Data for review.

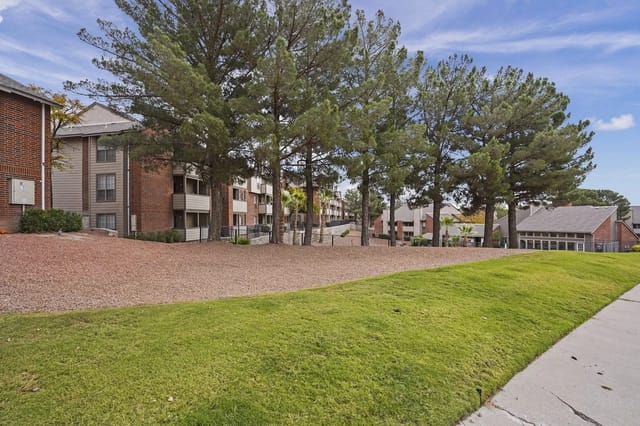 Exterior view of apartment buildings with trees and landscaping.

==

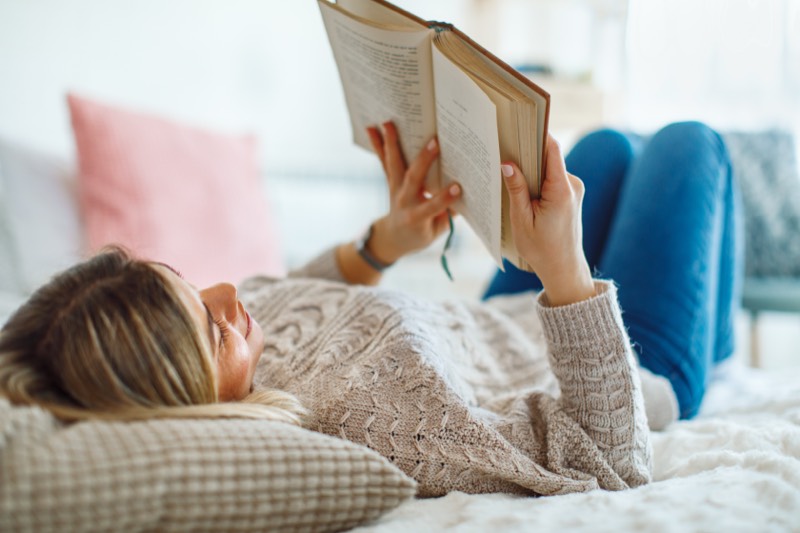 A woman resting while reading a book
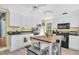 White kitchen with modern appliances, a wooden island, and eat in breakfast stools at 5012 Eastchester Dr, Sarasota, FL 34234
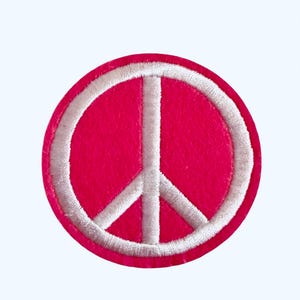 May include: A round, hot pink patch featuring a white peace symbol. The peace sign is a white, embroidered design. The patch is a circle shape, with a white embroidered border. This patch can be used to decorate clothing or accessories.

==

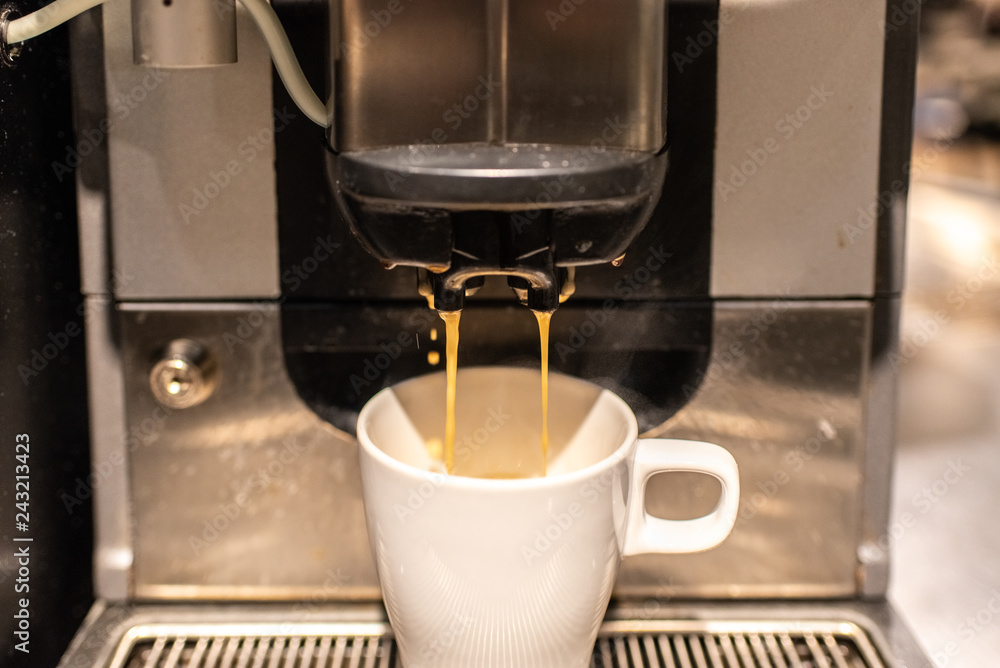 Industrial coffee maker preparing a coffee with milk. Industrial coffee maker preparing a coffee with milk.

Problem to work on. In the material above, which lines fall between the one holding "White kitchen with" and the one holding "May include: A", inclusive? Print exactly those, with the pictures left out.

Answer to the exercise.
 White kitchen with modern appliances, a wooden island, and eat in breakfast stools at 5012 Eastchester Dr, Sarasota, FL 34234
 May include: A round, hot pink patch featuring a white peace symbol. The peace sign is a white, embroidered design. The patch is a circle shape, with a white embroidered border. This patch can be used to decorate clothing or accessories.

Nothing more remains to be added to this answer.